The leaky bucket is an algorithm based on an analogy of a fixed capacity bucket, with holes that leaks water out of the bucket at a constant rate. Log messages are added into the bucket, which just like the way water is poured into a bucket. When the bucket is full, messages will overflow. Meanwhile, the bucket is inspected at a constant rate to see if it contains any log messages at that moment. If it does, one message is leaked from the bucket and passed through.^[2]

There are two versions of the leaky bucket algorithm: the leaky bucket as a meter and the leaky bucket as a queue.

Leaky bucket as a meter

In the leaky bucket as a meter version, the bucket is implemented as a counter or variable to count the number of log entries currently in the bucket:^[2]

The counter is incremented whenever a conforming log request arrives; this process mirrors that of decreasing the token counter when tokens are removed from the token bucket.
The counter is decremented periodically; this process mirrors that of regularly increasing the token counter as tokens are added to the token bucket at a fixed rate.
If the counter exceeds a threshold upon being incremented, the log message is dropped; this test mirrors that of checking the token bucket contains enough tokens upon removing tokens.
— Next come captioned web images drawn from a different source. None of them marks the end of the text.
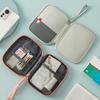 Portable Medicine Bags Emergency School Health kits Mandatory Equipment For Students Returning To Storage Bags Travel Medical Package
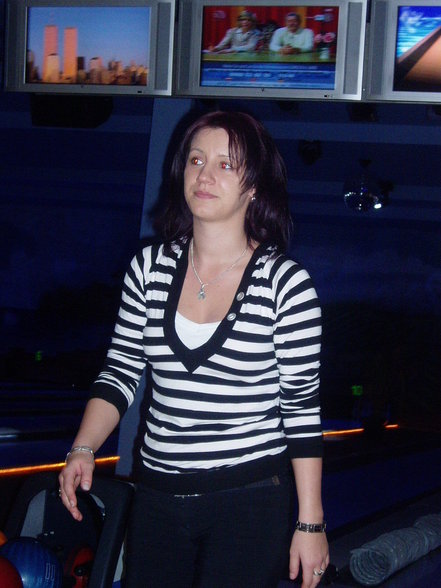 Bowling - 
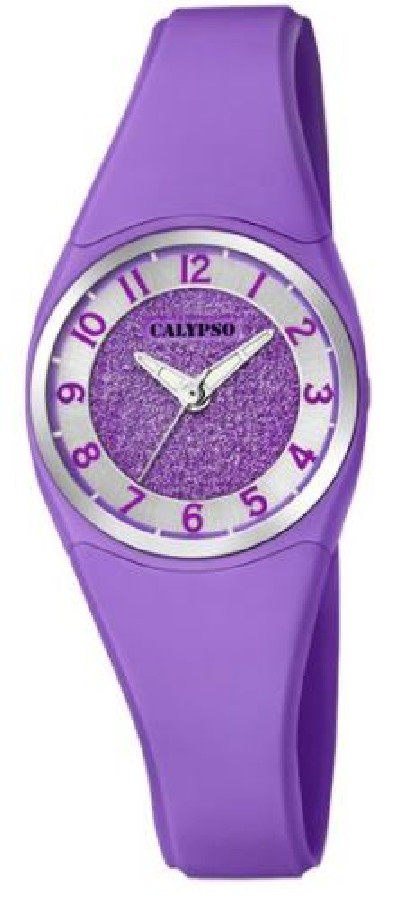 Calypso TRENDY K5752/4 - Vista frontal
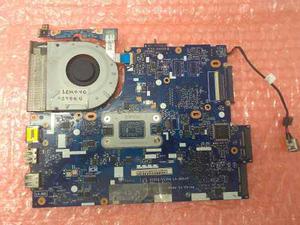 Motherboard Lenovo S400u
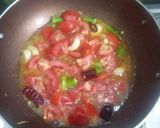 વેજ. હૈદરાબાદી નિઝામ હાંડી (Veg Hyderabadi Nizam Handi Recipe In Gujarati) રેસીપી સ્ટેપ2ફોટો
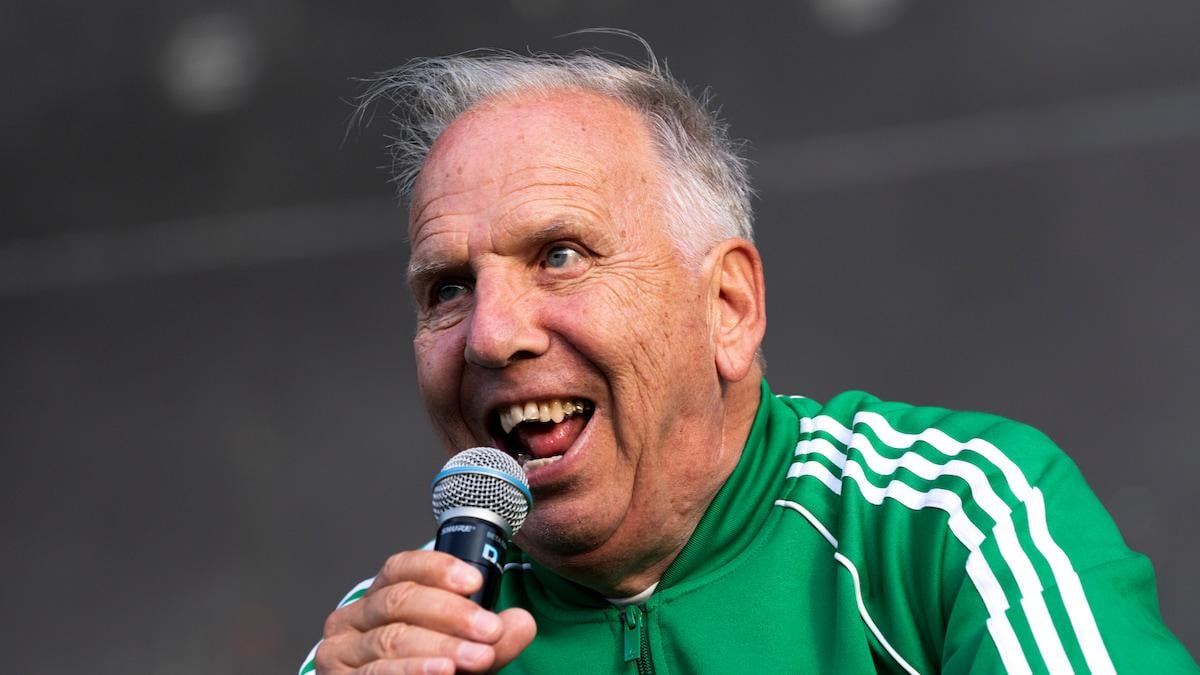 Jacob Haugaard får hovedrollen i Oscar-vindende instruktørs næste film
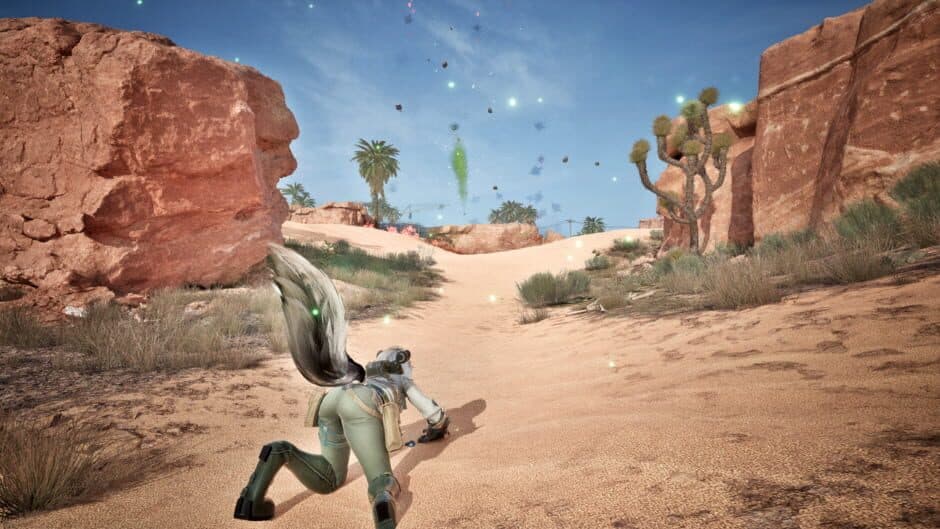 Скриншот 2 из Wild Assault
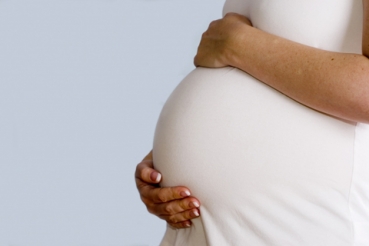 Действие свинца на беременную женщину плохо сказывается на ее внуках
As you can see, the leaky bucket as a meter is exactly equivalent to a mirror image of the token bucket algorithm, thus, the implementation of the leaky bucket as a meter is omitted in this article.^[2]

Leaky bucket as a queue

The leaky bucket as a queue can be seen as a special case of the version as a meter.^[2] In this version, the bucket is implemented as a finite FIFO buffer or queue of log entries to directly control the log rate:^[2]

Each message is entered into the queue as it is requested to be logged, if the queue is not full at that time.
Messages are then removed from the queue at a fixed rate for onward processing.

The leaky bucket as a queue algorithm takes the following two parameters:

Bucket size is the maximum number of log entries the bucket can hold.
Leak rate is the rate at which log entries get removed from the bucket for onward processing.

Thus, a logger uses leaky bucket as a queue algorithm can produce messages with an average rate up to the leak rate.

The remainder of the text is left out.